Early in my career, I heard about graphic designers as “creatives”. I found that to be profoundly unfair as I thought the work I was doing involved being creative as well. I thought everyone was creative in their field because we all solve problems, and solving problems is about being creative (not only, but also).
We can define creativity as the human capability of creating something new and valuable. However, there is a lot of controversy on what creativity is and how it works. Margaret Boden, in her book The Creative Mind: Myths and Mechanisms, says that there are two different senses of “creative”:
“One sense is psychological (I call it P-Creative, for short), the other historical (H-creative). Both are initially defined with respect to ideas, either concepts or styles of thinking. […]

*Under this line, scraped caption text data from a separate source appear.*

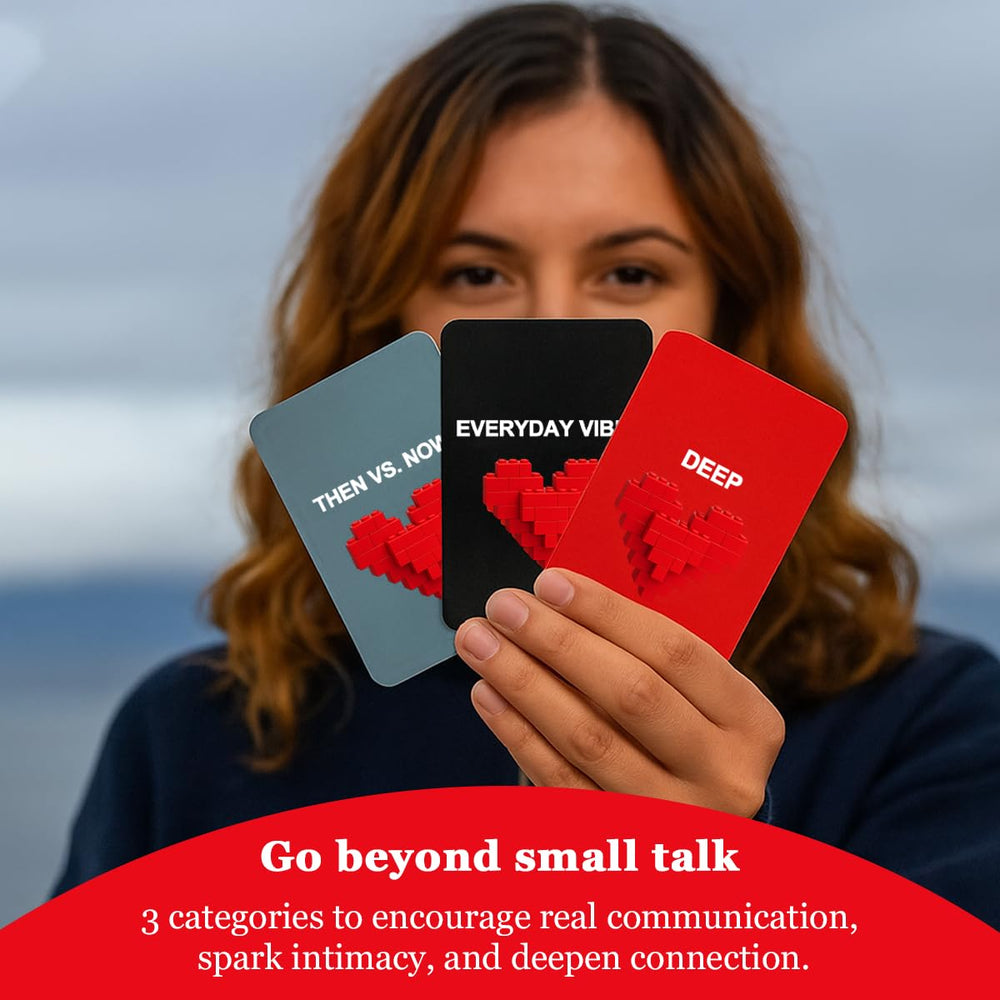 MY HERO CARDS 180-prompts image highlighting versatile questions for weeks of date-night fun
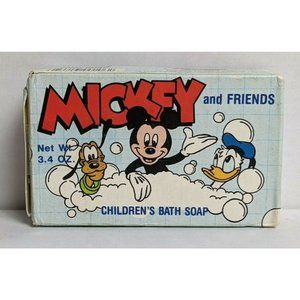 Vintage Mickey Mouse and Friends Children's Bath Bar Soap 1990 New Donald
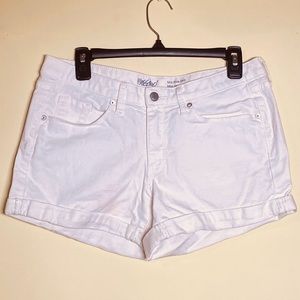 White Jean Shorts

The psychological sense concerns ideas (whether in science, needlework, music, painting, literature…) that are surprising, or perhaps even fundamentally novel, with respect to the individual mind which had the idea. If Mary Smith combines ideas in a way she’s never done before, or if she has an idea which she could not have had before, her idea is P-creative — no matter how many people may have had the same idea already. The historical sense applies to ideas that are novel with respect to the whole of human history. Mary Smith’s surprising idea is H-creative only if no one has ever had that idea before her.”
H-Creativity is very rare and occurs in exceptional cases. What is most interesting in this case is P-Creativity. Or, as Elizabeth Sanders calls it in her book “Convivial Toolbox — Generative Research for the Front-End of Design”, Everyday Creativity. She defines four levels of creativity that everyday people seek.
“The most advanced level of creativity is creating. The motivation behind creating is to express oneself or to innovate. Truly creative efforts are fueled by passion and guided by a high level of experience. […] The path from doing to adapting to making and finally to creating develops in the individual over time and through experience. All people are capable of reaching the highest level of creativity, but they need the passion and the experience to do so.”
Are passion and experience enough for people to unleash their creative potential?
Let’s hold on to that question for a while and look at “Feedback”.
Giving feedback can be defined as sharing information to reinforce or change behaviour. Feedback is used to praise someone or to help someone improve his performance. It can be based on strengths or/and weaknesses.
Feedback is a powerful tool. It has the power to motivate or demotivate, to cause joy or sadness, to cause conflict or improve collaboration. Giving good feedback to our peers is very important to cultivate a culture where people feel safe doing their best at work and not afraid of sharing their thoughts and ideas.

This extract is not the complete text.